Ventana

#YoSíMeAtrevo

Rita María Roesch clarinerormr@hotmail.com

Cuando supe de la iniciativa   del Frente Ciudadano contra la Corrupción (FCCC),   la  mañana del miércoles 28 de febrero, decidí  asistir porque era una nueva posibilidad para  aprovechar estos momentos cruciales de  avanzar en el combate de la corrupción. Retroceder o quedarnos estancados solo nos traerá enfermedad y más violencia.

Hace algunas semanas publiqué una columna con el título Es tiempo de Kairos. En ella comenté que, desde el año 2015, con el combate de la corrupción encabezado por la fiscal general, Thelma Aldana, y el jefe de la Cicig, Iván Velásquez, nos parezca o no su trabajo, Guatemala ha entrado en un período de oportunidad para hacer cambios a nivel de país, como nunca lo habíamos tenido. Por las buenas o por las malas estamos recapacitando sobre la enorme responsabilidad que significa asumir un cargo público con integridad, capacidad y profundo sentido de servicio.

Al llegar, unos minutos antes de este evento simbólico que expresa trabajar por una Guatemala grande y digna, vi muchas caras conocidas de diferentes sectores e ideologías. No existía un ánimo confrontativo, sino de unir nuestros pensamientos para lograr una Guatemala libre de corrupción que nos permita llegar a vivir en paz. El propósito del FCCC es participar como ciudadano, como bien lo dijo Antonio Malouf, presidente del Cacif, “Sin títulos, en el plano individual”. Acudieron a la convocatoria todos los sectores del país, desde organizaciones de la sociedad civil, autoridades indígenas, líderes empresariales y de las universidades, columnistas y representantes de las iglesias. El gran salón bullía de energía positiva. Se sentía la fuerza de nuestra Guatemala plurilingüe y multicultural unida. ¡Esa es la Guatemala que quiere nacer! El motivo del evento era expresarle apoyo a la Fiscal General y al Comisionado por su lucha frontal en contra de la corrupción y la impunidad, como también la de garantizar un acompañamiento al próximo proceso de elección de fiscal general.
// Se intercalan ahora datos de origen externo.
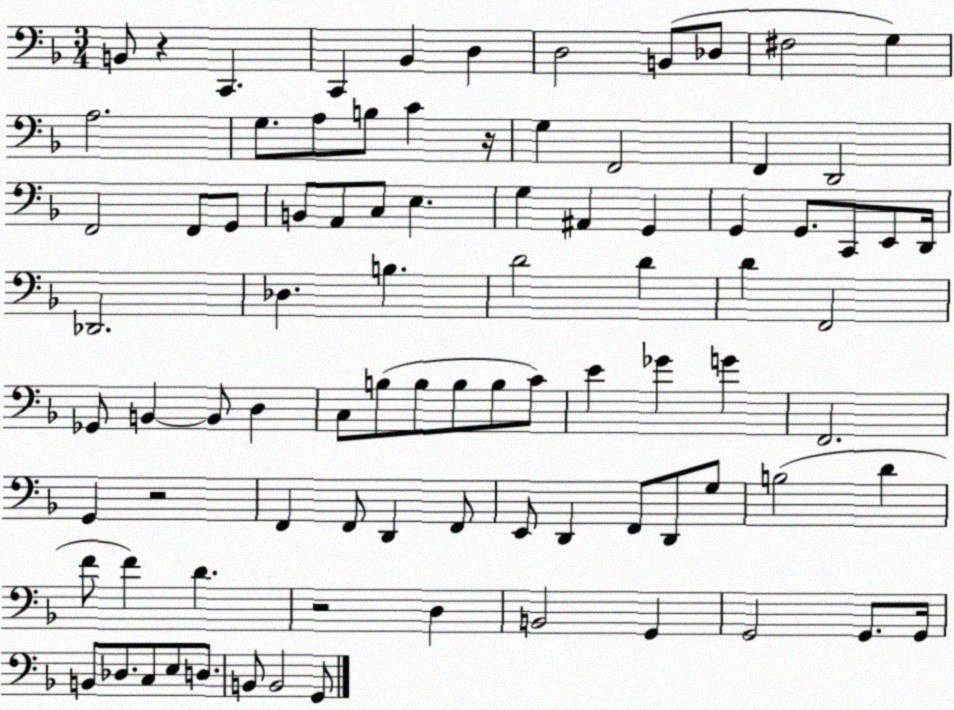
X:1
T:Untitled
M:3/4
L:1/4
K:F
B,,/2 z C,, C,, _B,, D, D,2 B,,/2 _D,/2 ^F,2 G, A,2 G,/2 A,/2 B,/2 C z/4 G, F,,2 F,, D,,2 F,,2 F,,/2 G,,/2 B,,/2 A,,/2 C,/2 E, G, ^A,, G,, G,, G,,/2 C,,/2 E,,/2 D,,/4 _D,,2 _D, B, D2 D D F,,2 _G,,/2 B,, B,,/2 D, C,/2 B,/2 B,/2 B,/2 B,/2 C/2 E _G G F,,2 G,, z2 F,, F,,/2 D,, F,,/2 E,,/2 D,, F,,/2 D,,/2 G,/2 B,2 D F/2 F D z2 D, B,,2 G,, G,,2 G,,/2 G,,/4 B,,/2 _D,/2 C,/2 E,/2 D,/2 B,,/2 B,,2 G,,/2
El propósito es asegurar que el trabajo iniciado por la Fiscal no se detenga. Entre los puntos de la Agenda Mínima en la que esta agrupación, que representa a millones de ciudadanos guatemaltecos, enfocará sus esfuerzos están: 1. Apoyar la continuidad del comisionado Iván Velásquez al frente de la Cicig y velar porque la fiscal general, Thelma Aldana, finalice su período en el Ministerio Público. 2. Fiscalizar la elección del sucesor de Thelma Aldana. 3. Reconocer el respaldo de la comunidad internacional en el combate de la corrupción e impunidad.
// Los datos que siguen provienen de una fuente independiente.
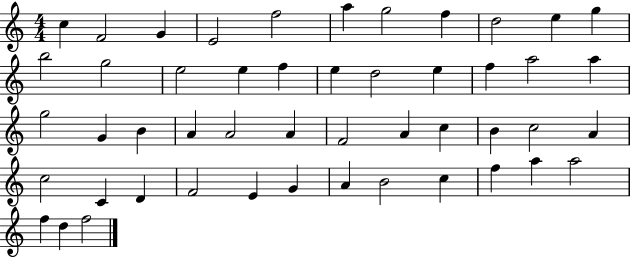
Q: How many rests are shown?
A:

“La mentira se hace verdad solo cuando queremos escucharla”, recordó el Clarinero. Los guatemaltecos presentes esa mañana no creemos en las mentiras que han circulado por las redes difamando a quienes participan en este duro combate de la corrupción. Millones de guatemaltecos no estamos dispuestos a claudicar por miedo o cansancio en la búsqueda de la verdad. Así lo manifestaron quienes dirigieron unas palabras a la audiencia. Mi admiración va para Estuardo Porras Zadik, cuando comentó que su familia fue la primera condenada por financiamiento electoral ilícito. “Nosotros”, dijo, “ fuimos los primeros en comprender lo que la lucha contra la corrupción significa: asumir responsabilidades, ponerse al frente y decir: Guatemala es más que yo, más que mi familia, mi empresa, mi nombre y que el bochorno social. Es duro, pero es válido”. Peter Lamport, académico y ministro de Finanzas durante el gobierno de Álvaro Arzú, pidió disculpas a las nuevas generaciones por el país que les estamos entregando, y agregó: “Gracias a la Fiscal y al Comisionado tenemos una luz, el espíritu y el ánimo que nos indica que sí es posible buscar el imperio de la ley y el rstado de Derecho”.